Distances within the lab area could be reached by foot. Thus, larger distances were reached with the joystick, small distances per pedes. Figure 1. The virtual supermarket. I Bird's eye view of the virtual supermarket. The supermarket comprised an entrance area A and a product area B. II Entrance area of the supermarket with the info screen. III Product area of the supermarket with the shopping list Head-up display. Red crosses symbolize products not yet in the basket; green check marks symbolize products that are already in the basket. The experiment was divided into two phases, which took place on two different dates see Figure 2.
In the first phase, an initial rating took place in order to identify the most attractive virtual child character and the most unattractive virtual adult character for each individual participant see Supplementary S1 and Supplementary S2 Initial Rating for further details. The main experiment phase had five parts: Tutorial and Training, a Baseline condition, and three virtual risk scenarios. Before each part, the participant was asked to fill in the pre-test of the Simulator Sickness Questionnaire Kennedy et al. Between the different parts of the main experiment phase, the participant has the opportunity to rest.
Figure 2. Experiment procedure. The experiment started with the initial rating. Goal of the initial rating was to identify the individual most unattractive virtual adult and most attractive virtual child character. In the main experiment phase, the participants learned the controlling of the virtual supermarket and the task in the tutorial and training.
Afterwards, the participant was exposed to the most attractive virtual child character consecutively in three risk scenarios. The risk scenarios differed from each other with regard to their difficulty to avoid the contact to the virtual child character. During the tutorial, the participant was instructed that his task is to buy five specific products chocolate, Coca-Cola, pasta, milk, and coffee in the virtual supermarket within 5 min.
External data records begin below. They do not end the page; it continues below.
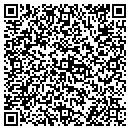QR code with Earth Body Spirit LLC contacts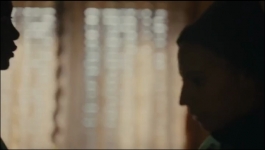 The Porter - Season 01 Episode 02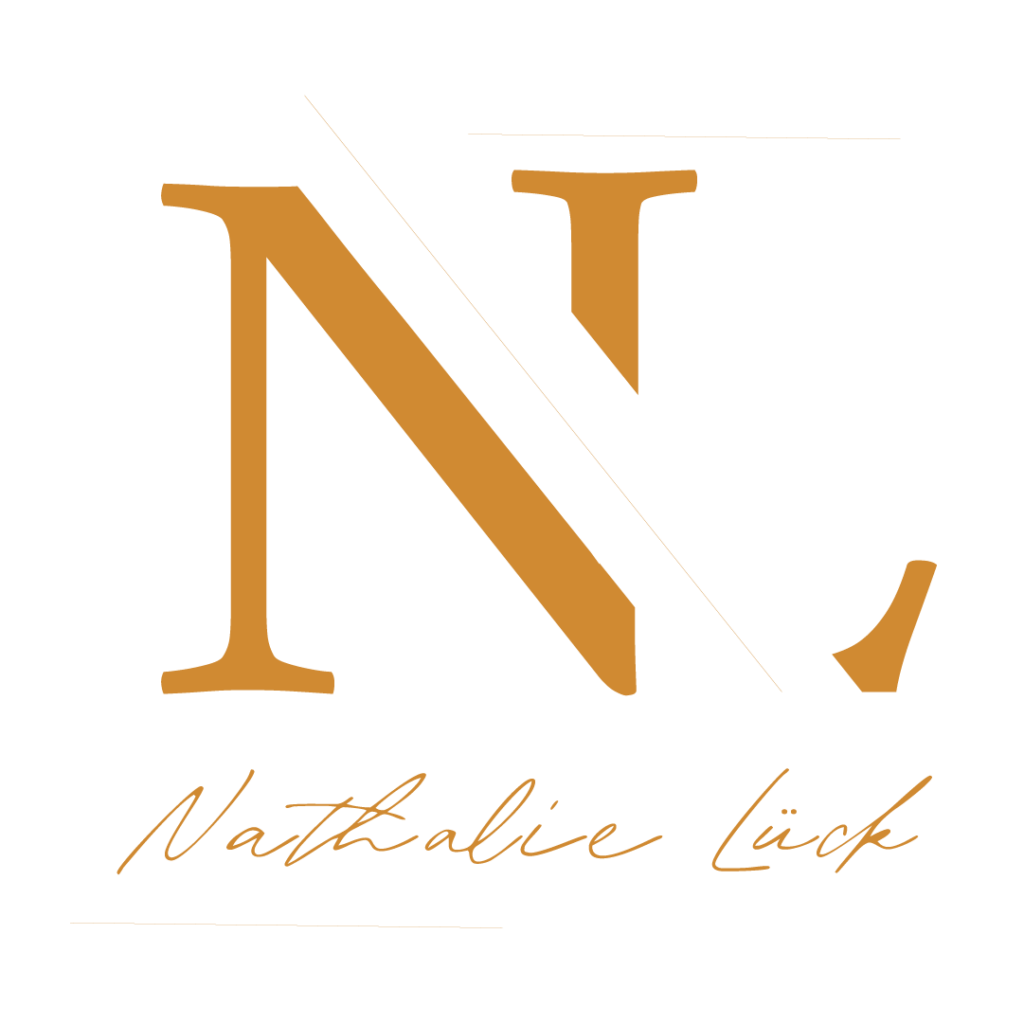 Big N nathalie logo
At the beginning, the participants stood in the entrance area in front of the virtual screen. The investigator explained the controlling of the VE and asked the participant to test the two different options to walk through the supermarket per joystick or per pedes; see above. Then, the investigator guided the participant during his first virtual shopping trip. In order to ensure that all participants were at the same training level regarding the control of the VE, the participants trained in the VE until they were able to buy all five products within 5 min.
During this training phase, the participant received no help from the investigator. At the beginning of the baseline condition, the participants were told that the task to buy five products remained, but with no time restriction. They were further told, that a virtual character will make contact during the virtual shopping trip. Responses can be selected with the HUD. Based on the results of the initial rating, the virtual adult character with the shortest viewing time was used.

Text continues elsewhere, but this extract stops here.